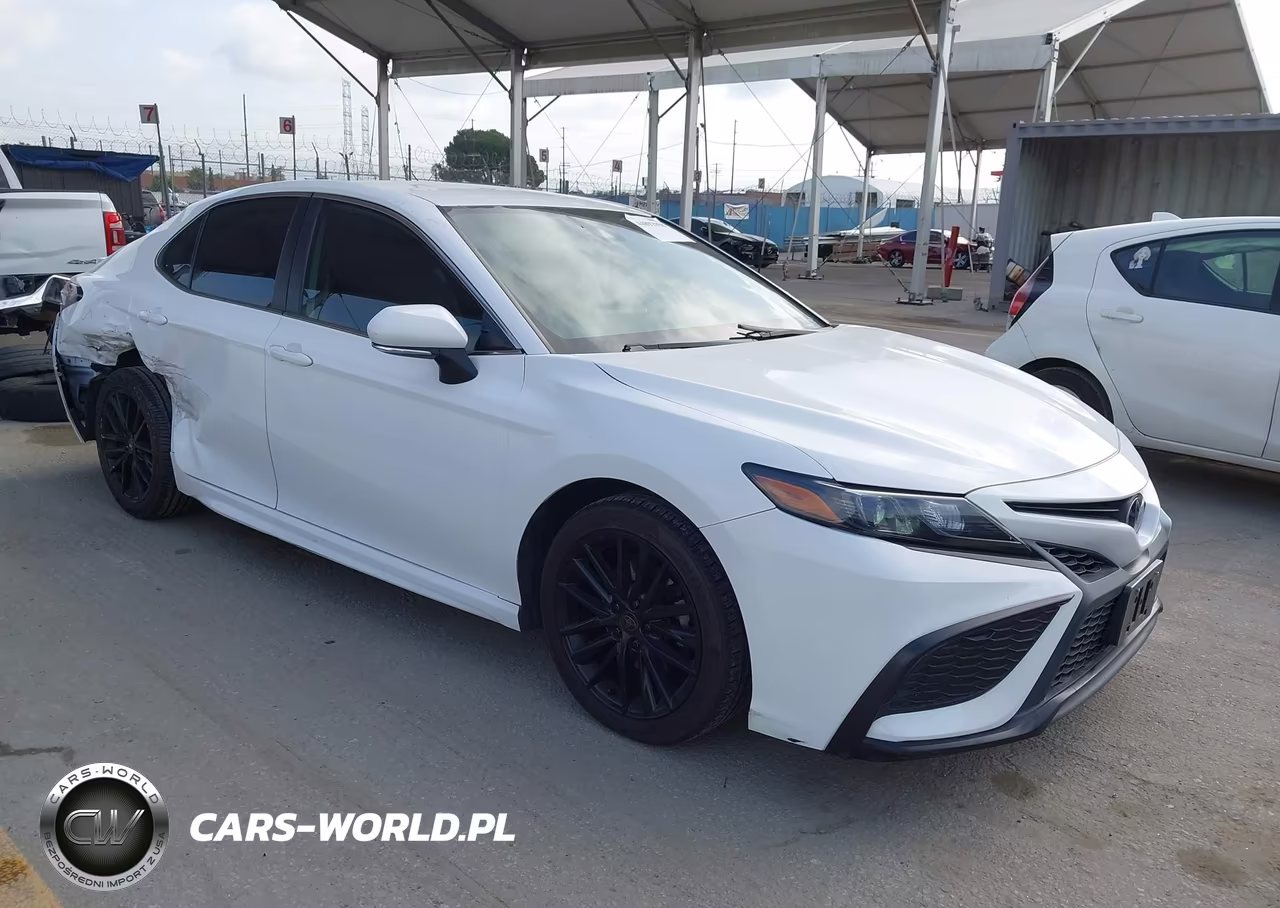 2022 Toyota Camry Se – zdjęcie 1 z 16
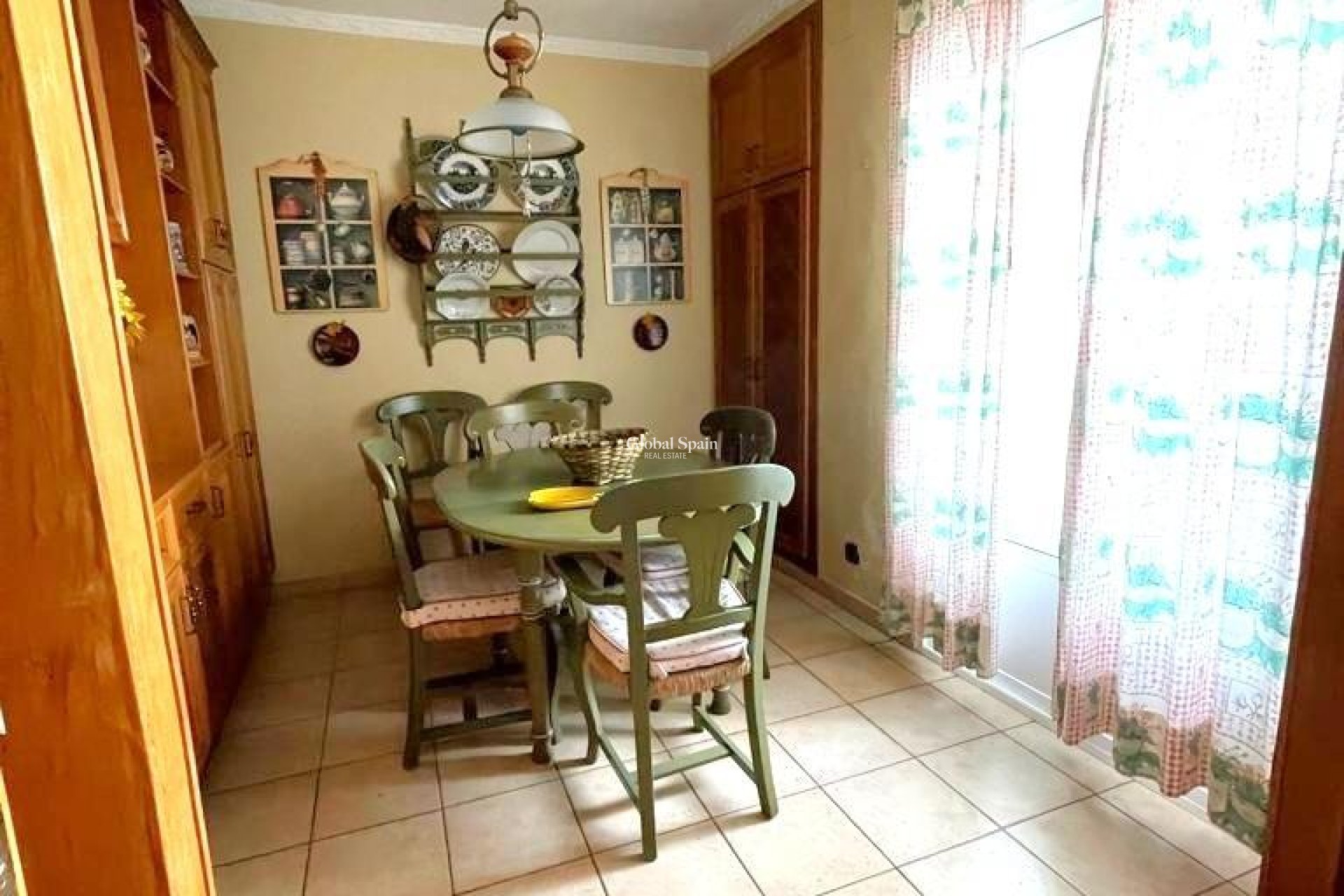 Wederverkoop - APPARTEMENT -
TORREVIEJA - Estacion de autobuses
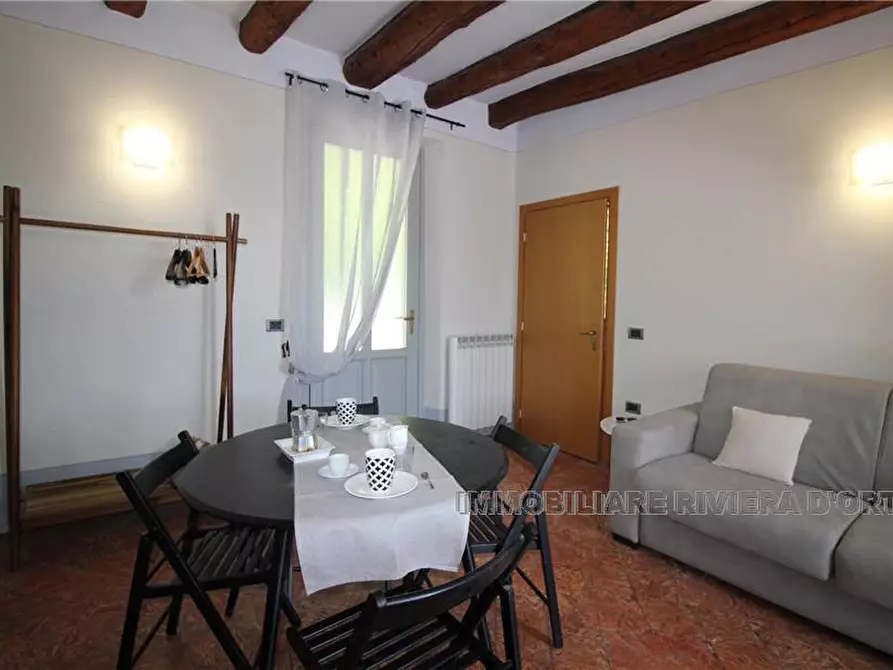 Immagine 9 di Appartamento in affitto  a Orta San Giulio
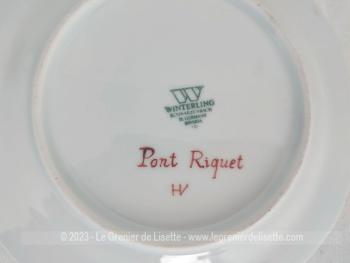 Voici un lot de six superbes petites assiettes dessert  estampillées 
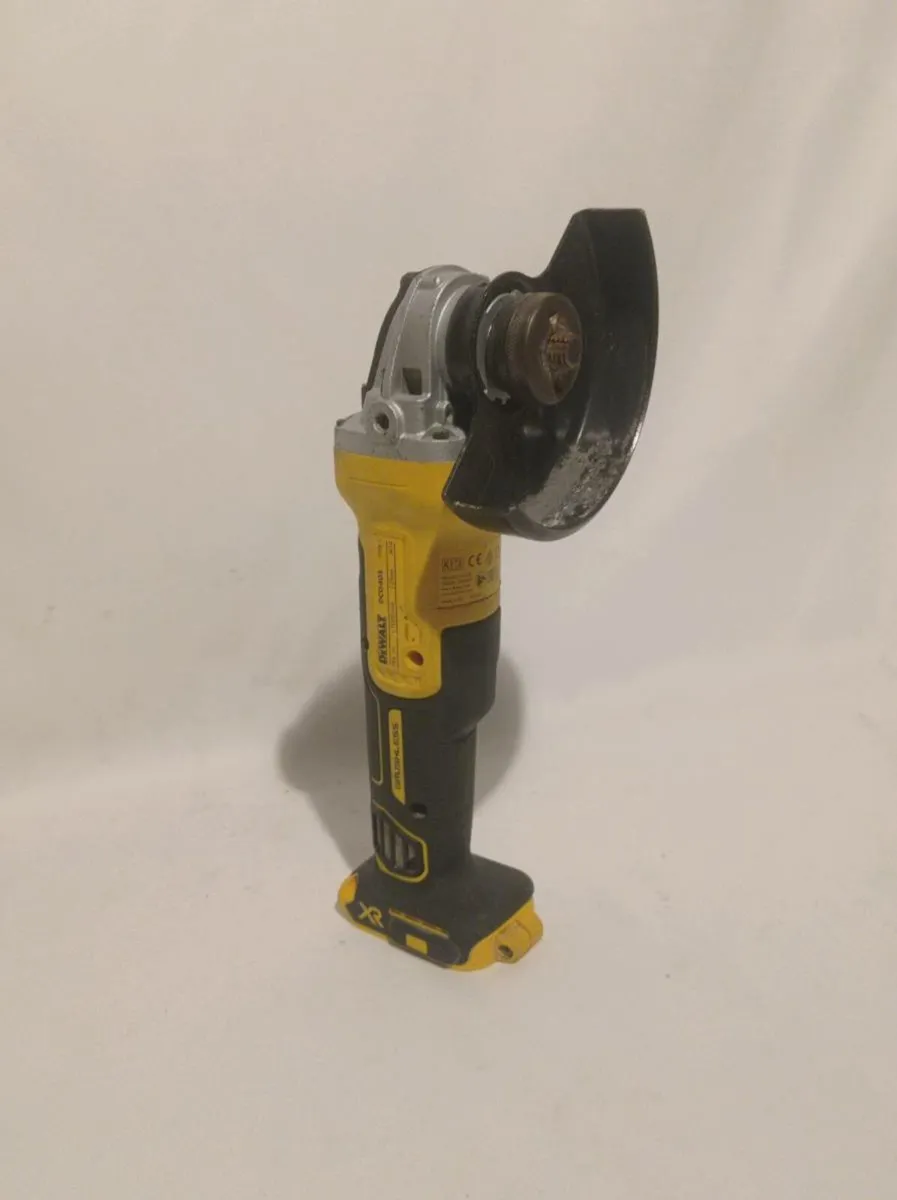 DeWalt Cordless Grinder - Image 4
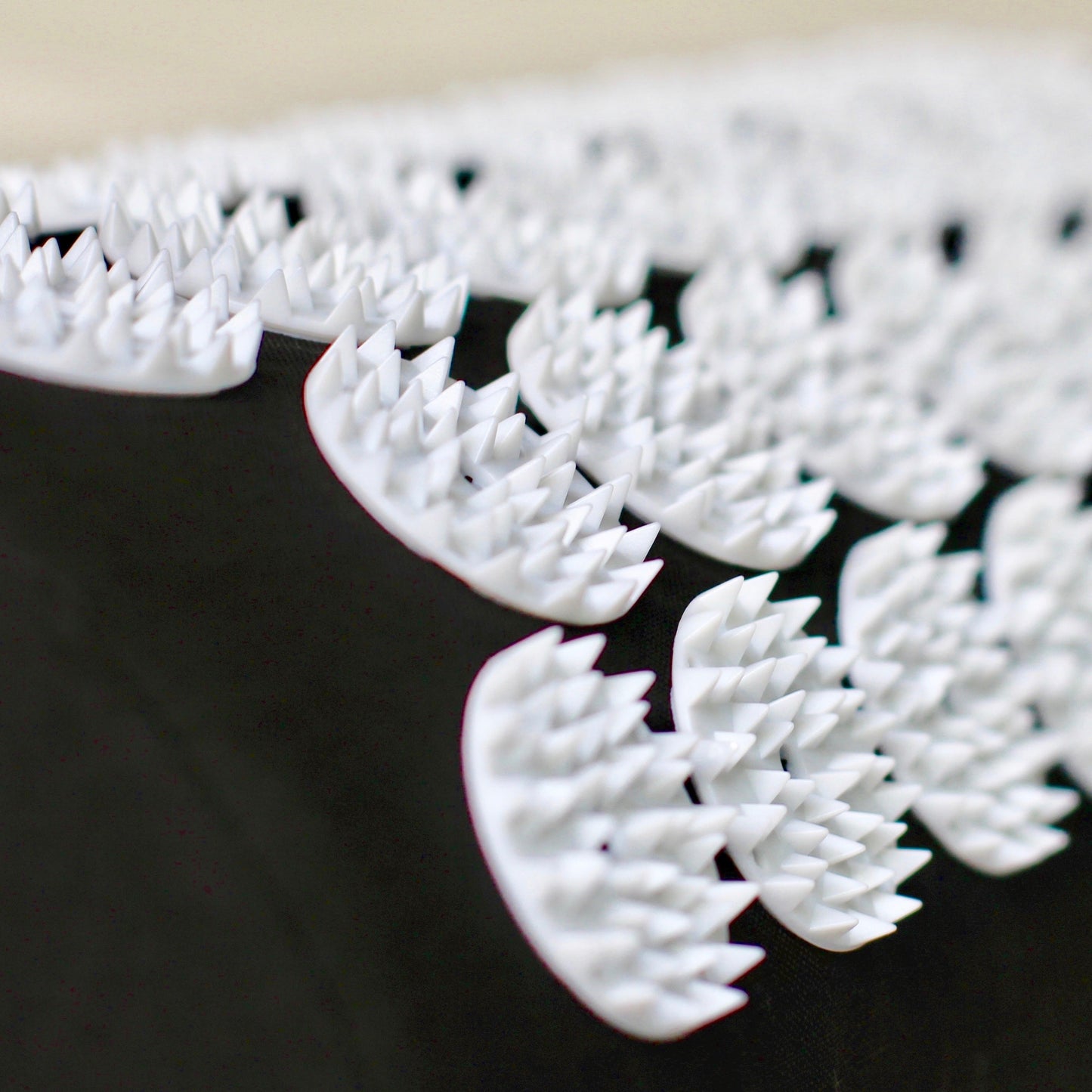 BON Intense Pillow - Black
══════════
▶ _INSTRUCTIONS FOR THE TASK_:
Return all of the entries exactly as written, but drop any pictures they hold.

▶ _RESULT OF THIS EXERCISE_:
 2022 Toyota Camry Se – zdjęcie 1 z 16
 Wederverkoop - APPARTEMENT -
TORREVIEJA - Estacion de autobuses
 Immagine 9 di Appartamento in affitto  a Orta San Giulio
 Voici un lot de six superbes petites assiettes dessert  estampillées 
 DeWalt Cordless Grinder - Image 4
 BON Intense Pillow - Black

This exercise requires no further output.